If he compels thee to go a mile, go with him twain. If he smites thy cheek
turn the other one." "He that taketh the sword shall perish
by the sword." His followers put it into practice and the invincible
Roman Empire crumbled to dust. Naturally, every movement toward world
disarmament is in substance a gesture toward fulfillment of this teaching
of the Master. Its effectiveness depends on disarming the heart of humanity
first.
The
forgetfulness of self. In other words, the submerging self-interest
in the larger welfare-overall. "When you have done all, count yourselves
as unprofitable servants." It almost seems a contradiction to say
that our chief purpose here is to magnify the life of God in each of us
and then to say forgetfulness of self. Yet the Master himself interpreted
it in his own life. With all his attainments he said, "I am among
you as one that serves." Altruism is the only possible cure for fatty
enlargement of the ego. "Blessed are you when men shall persecute
and revile you and say all manner of things against you falsely for my
sake. Rejoice and be exceedingly glad." We resort to law, then we
place ourselves in line with human law and practice. We resort to armed
conflict, then we expose ourselves to all the dread results of such resort.

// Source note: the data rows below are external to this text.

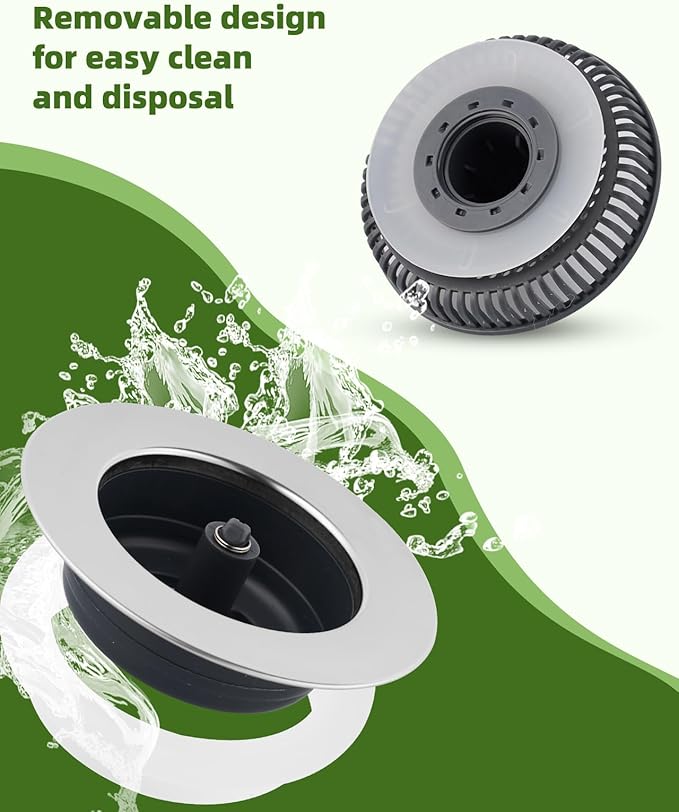 Universal 2PCS Kitchen Sink Strainer Stopper Combo, 3 in 1 Pop Up Kitchen Sink Stopper with Chrome Stainless Steel Wraped Shell for US Standard 3-1/2 inch Drain Filter, Anti-Clog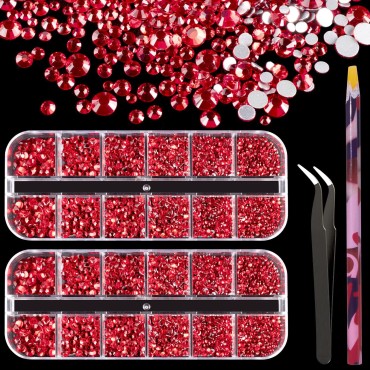 3440PCS 6 Sizes Red Glass Crystal Kit with Pickup ...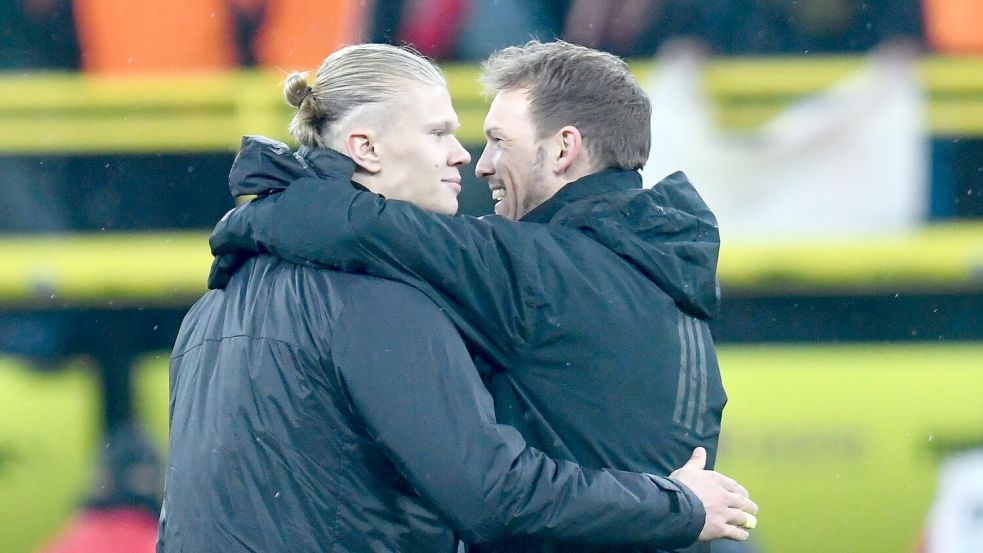 Wiedersehen in Amerika? Haaland und Nagelsmann. Foto: Bernd Thissen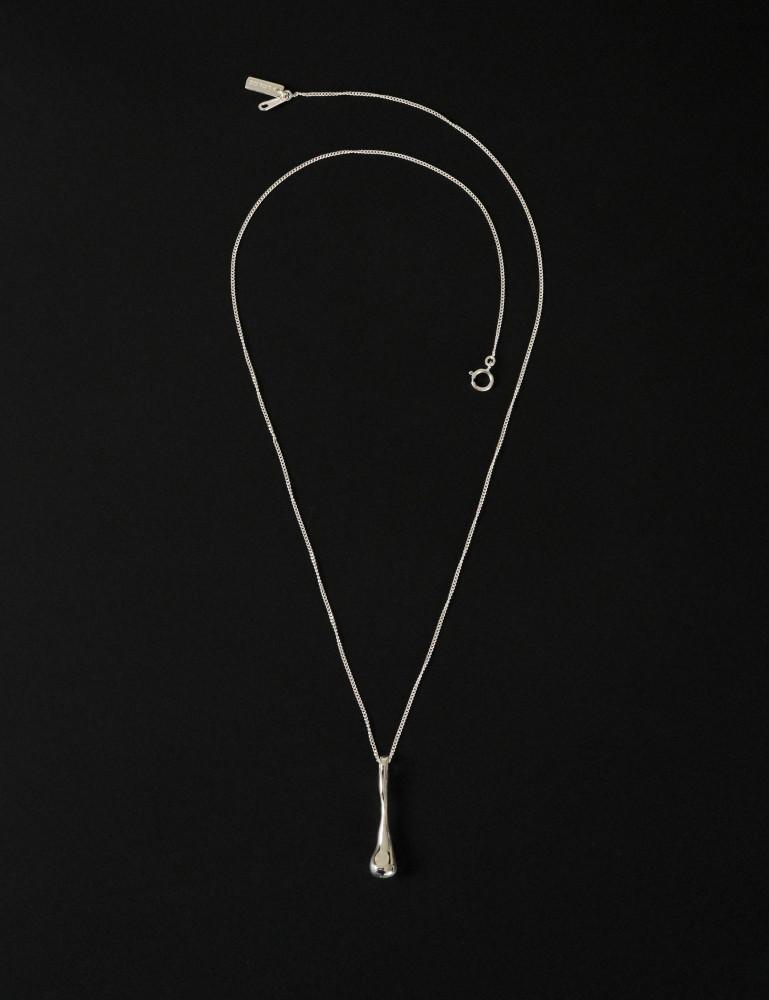 [베네노제작] 925 실버 스키니 물결 물방울 펜던트 롱 체인 목걸이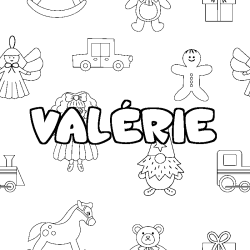 Coloriage pr&eacute;nom VAL&Eacute;RIE - d&eacute;cor Jouets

However, I doubt if he meant literally that we should not defend our personal
or national life when endangered by others.
Non-attachment
to results. "Rejoice not that devils are subject unto you, but
rather rejoice that your names are written in heaven." "Paul
may plant and Apollos may water but God gives the increase. So he that
plants is nothing and he that waters is nothing, but God who gives the
increase." His disciples were never held responsible for results.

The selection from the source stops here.